The cable stretched from the connection on his harness backward toward the partially buried rover, most of it resting on the ridged surface of the sand. The farther I go around the crater, the more cable’s going to be lying on the sand, Jamie said to himself. That shouldn’t cause any problems. I don’t think it will. Shouldn’t be any problem at all. The cable won’t sink into the damned sand. Even if it does we can winch it taut if I get to Vosnesensky’s rover. Not if. When. When.
He kept walking. Even when he turned backward he kept his legs moving toward his goal: that second rover where Vosnesensky and Reed and Ivshenko were waiting for him.
It was getting dark. And cold. Jamie’s legs felt rubbery, weak. Cold saps your strength. Got to keep going.
He walked at the slow, steady pace he had learned from his grandfather when they had hunted mule deer up in the mountains. “Just get your rhythm right,” Al would say, “and you can walk all damned day, no trouble. It’s all in the rhythm. Don’t hurry. Don’t rush. The deer won’t run very far. You can walk him until he’s exhausted and ready to drop at your feet.”
Yeah. Right, Grandfather. If you’re healthy. If you’ve been getting all your vitamins. If you’re breathing real air and it’s not forty below zero and dropping fast.
It was getting too dark to see the ground. Jamie reached up and turned on the lamp atop his helmet. Don’t want to step into the sand by mistake. Wonder how golfers would like it here on Mars? Sand traps two kilometers wide. No water hazards. Maybe we ought to bring a set of clubs here the next time. Might start a demand for tourism. Take your vacation on Mars. Climb the solar system’s tallest mountain. Drink a glass of Martian Perrier. Put your bootprints where no one has stepped before.
“Jamie! Did you hear me?”
He snapped his attention to Vosnesensky’s demanding voice. “What? What did you say?”
“I asked if you had turned on your helmet lamp. It is becoming quite dark.”
“Yes, it’s on.”
“Can you see the ground well enough to guide yourself?”
Jamie looked down. He was trudging along the hard-packed stony soil. A dozen paces to his right the rippled sand began.
“Yep. I can see okay.”
“Good. Good.”
Then Jamie realized what Vosnesensky’s call meant. The Russian could not yet see Jamie’s light. He was still too far away from the rover to be seen. He had miles to go.
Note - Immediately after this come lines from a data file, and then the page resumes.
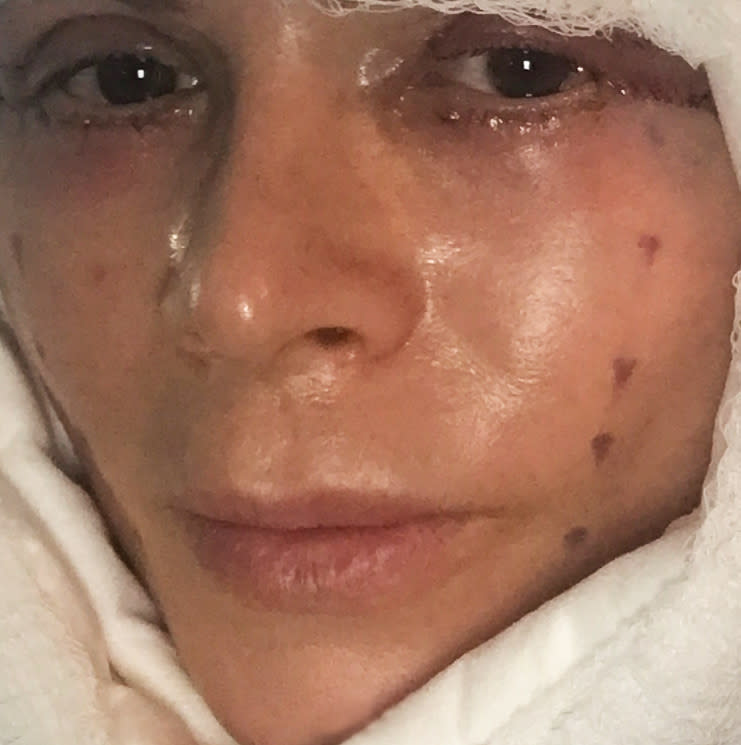 The reality star debuted her new cosmetic surgery on Andy Cohen's talk show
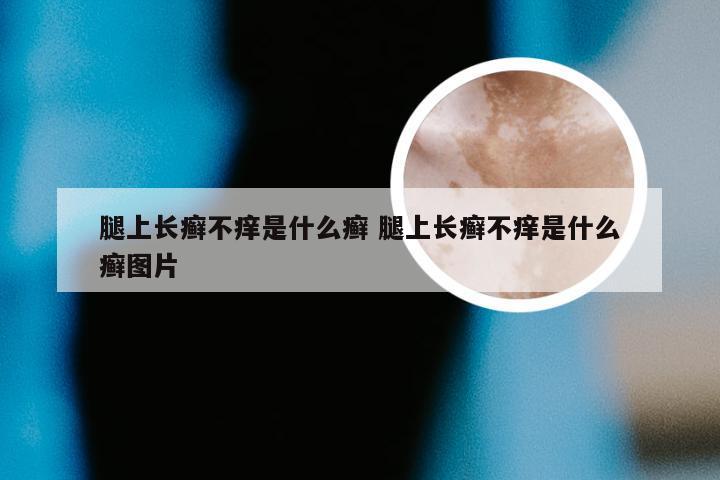 腿上长癣不痒是什么癣 腿上长癣不痒是什么癣图片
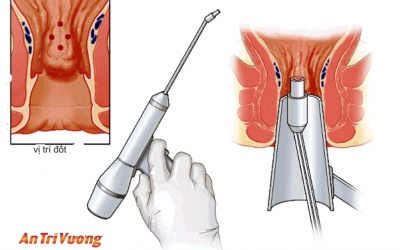 Những phương pháp điều trị bệnh trĩ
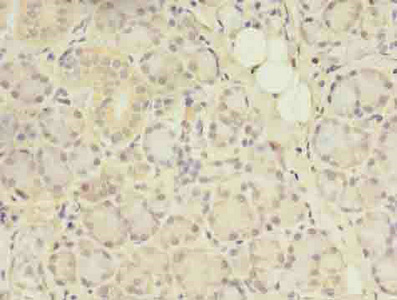 Immunohistochemistry (Formalin/PFA-fixed paraffin-embedded sections) - Anti-ACAP1 antibody (AB235827), expandable thumbnail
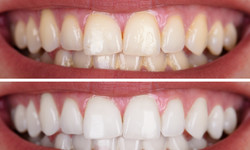 Jak skutecznie wybielić zęby? Zdradzają stomatolodzy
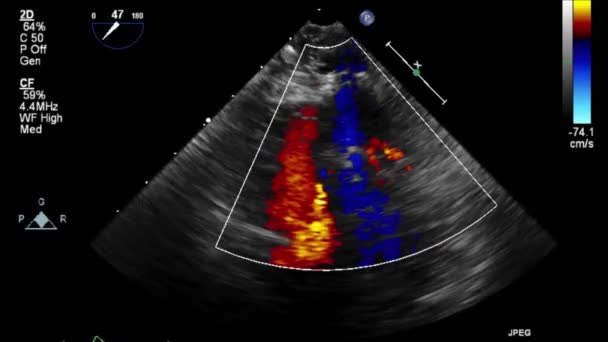 Ecografia Esame Transesofageo Del Cuore — Video Stock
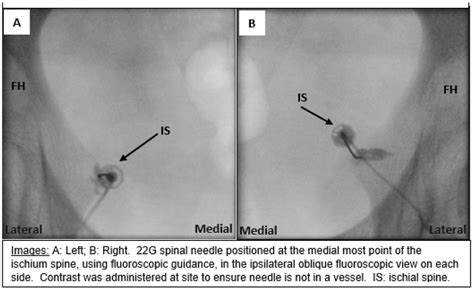 Fluoroscopy Guided Images Of Bilateral Pudendal Nerve Block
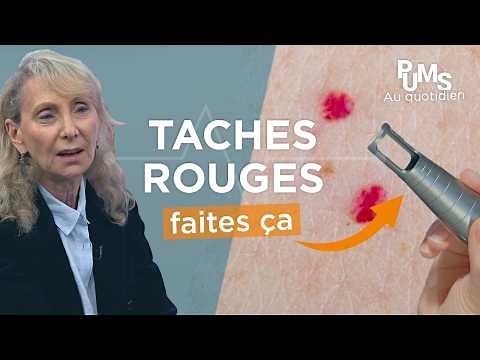 NE CONFONDEZ PAS ces rougeurs de la peau avec un CANCER (+ conseils pratiques pour s'en débarrasser)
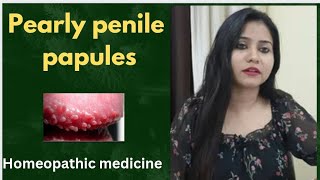 Pearly penile papules homeopathic medicine  PPP symptomscauses amp homeopathic medicines  hindi [upl. by Natanoy29]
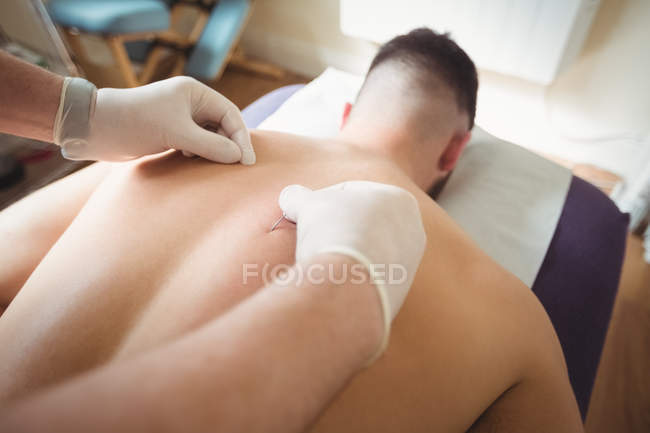 Primer plano del fisioterapeuta realizando agujas secas en la espalda del paciente en la clínica - foto de stock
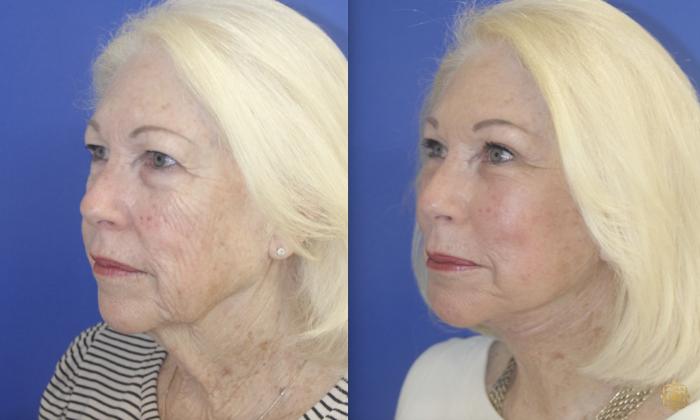 Before & After Fractional CO2 Laser Skin Resurfacing Case 396 Right Oblique View in Newport Beach, CA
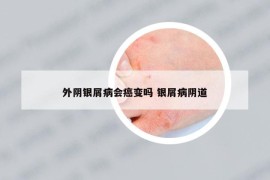 外陰銀屑病會癌變嗎 銀屑病陰道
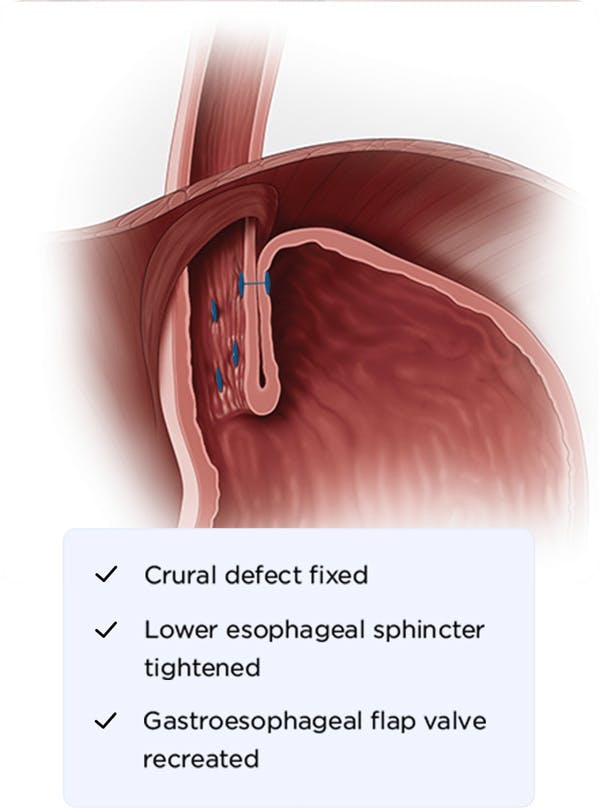 graphic of the crural (hiatus hernia) repair from a ctif, along with the stapling of the TIF procedure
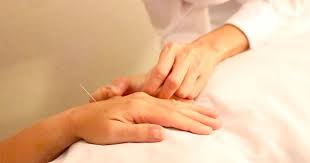 Eastern Acupuncture and Wellness gambar png
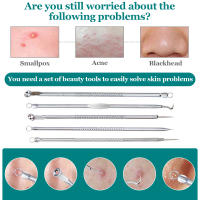 Herramienta De Limpieza De Pores Y Remoción De Acné Con Agujas Para Eliminar Quistes Y Manchas En La Piel Set De 5/8 Piezas - details 1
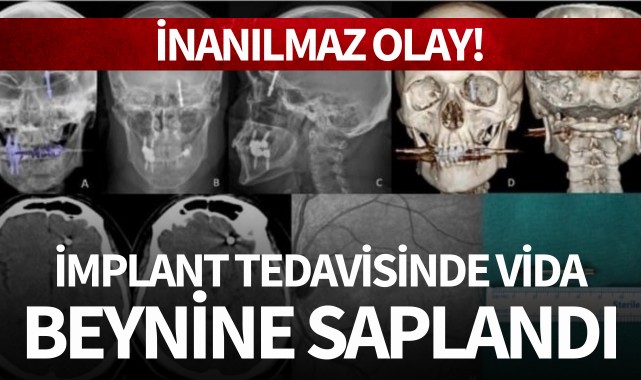 İnanılmaz olay: İmplant tedavisinde vida beynine saplandı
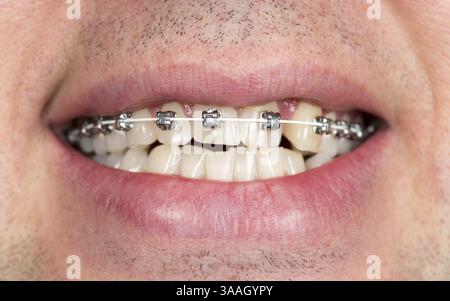 Close-up de crochets sur les dents de la mâchoire supérieure avec les hommes non rasé Banque D'Images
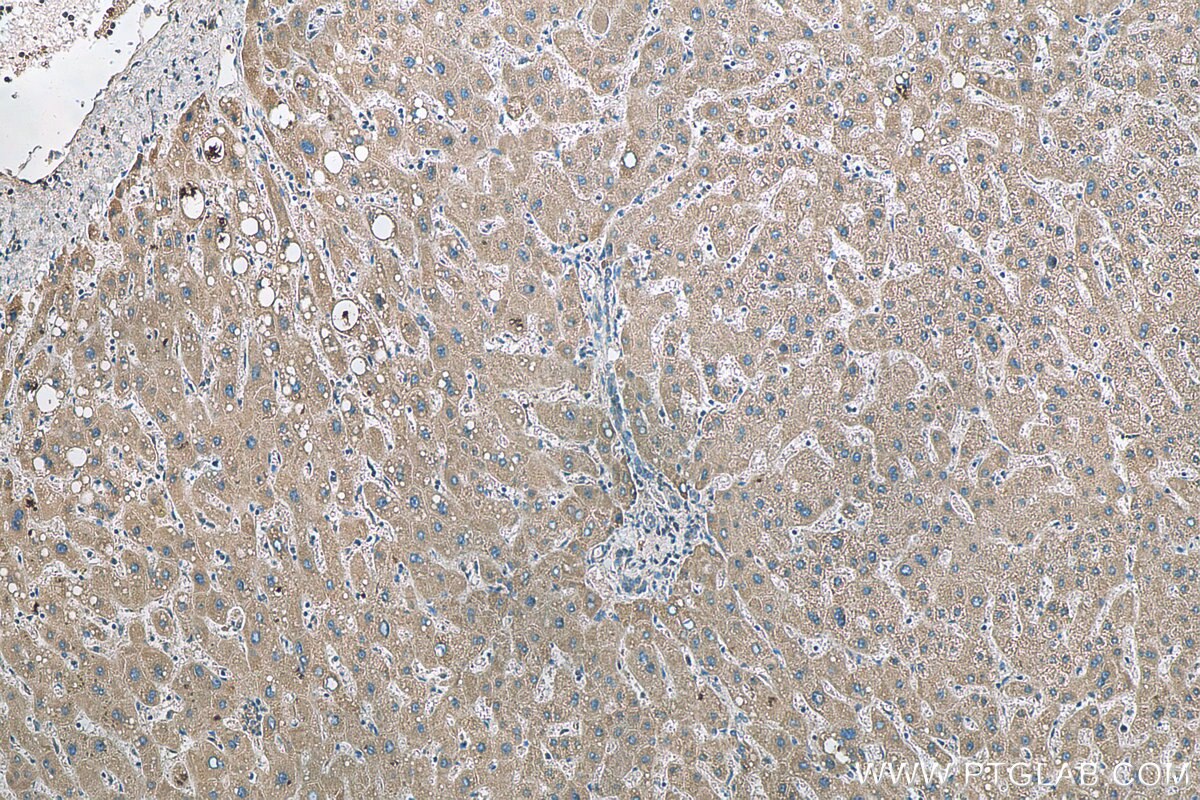 Immunohistochemistry (IHC) staining of human liver tissue using C5orf4 Polyclonal antibody (22046-1-AP)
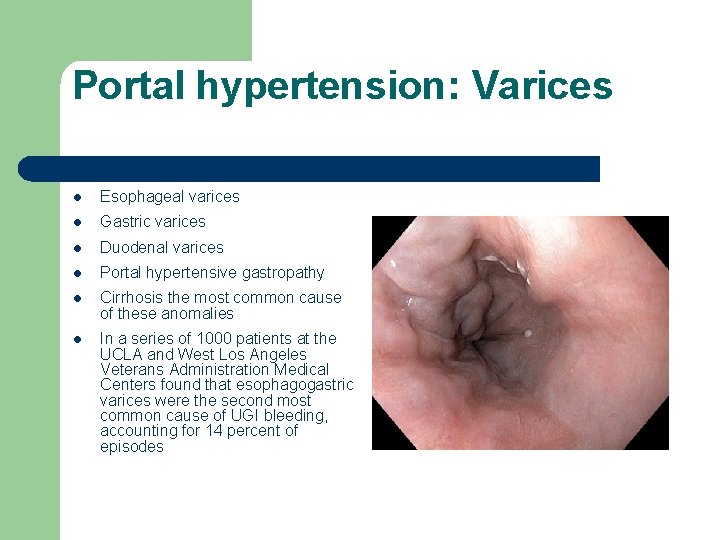 Portal hypertension: Varices l Esophageal varices l Gastric varices l Duodenal varices l Portal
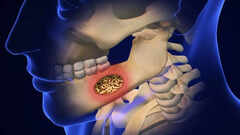 What is Mouth Larvae: Know its causes, symptoms, prevention strategies, and treatment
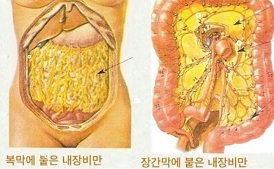 내장지방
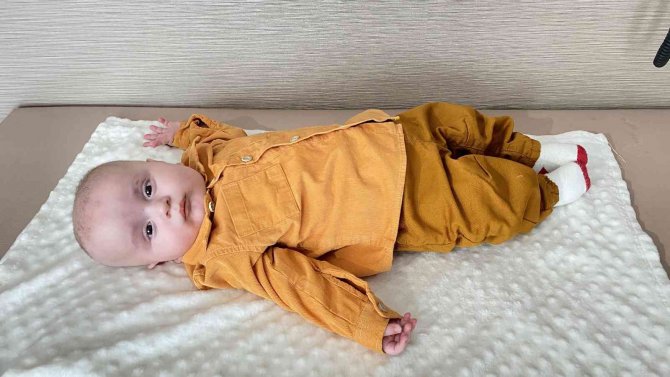 200 Binde Bir Görülen Hastalıkla Doğan Bebek Annesinin Karaciğeri İle Hayata Tutundu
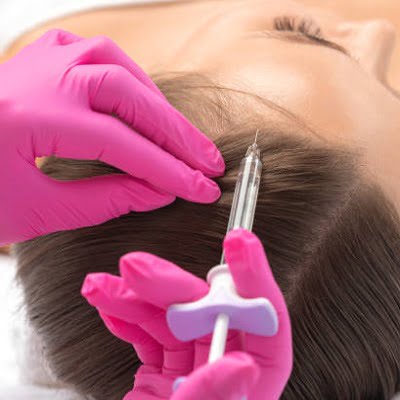 Exosomes in Islamabad | Exosomes For Hair Loss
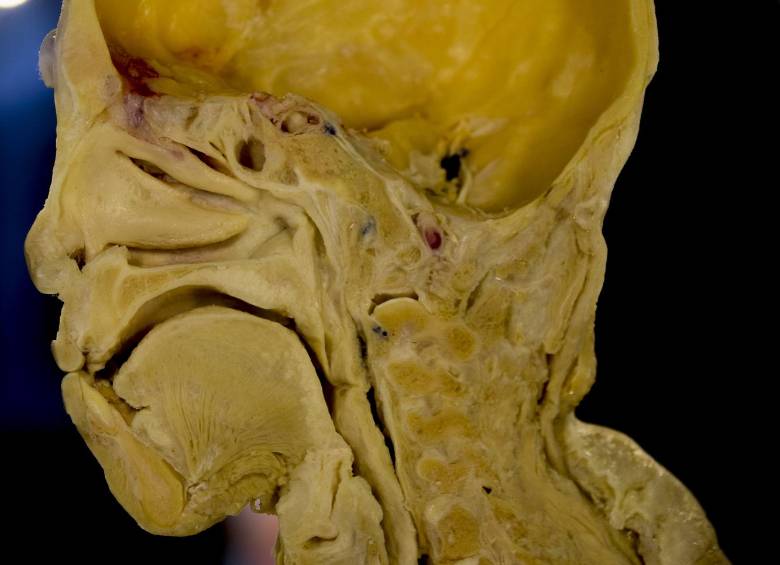 Poder observar el interior del cuerpo humano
They chattered back and forth, Jamie, the two cosmonauts, even Connors and the women. Jamie listened to the tension in their voices even when they tried to joke and banter. They’re scared. They’re all scared. And I am too.
It was fully night now. Jamie heard the soft breeze of Mars sighing past him. Gentle world, he told himself. If only
you weren’t so damned cold. Why did you make it so cold, Man Maker? Or why did you make us so weak? Did Coyote trick you into it?
“Talk,” Vosnesensky said. “Speak, Jamie. Let us know that you are all right.”
“It’s getting … too damned cold … to talk much,” he said. He was panting now. His legs felt stiff, hurting.
“Turn up the heater in your suit to maximum.”
“Did that already.”
“Make certain.”
“Right.”
The heater dial was already turned to max, Jamie knew. He tried it again and the dial would turn no further. Too bad we don’t have a thermostat control for the planet. Stop the temperature from dropping any lower. Be a nice touch.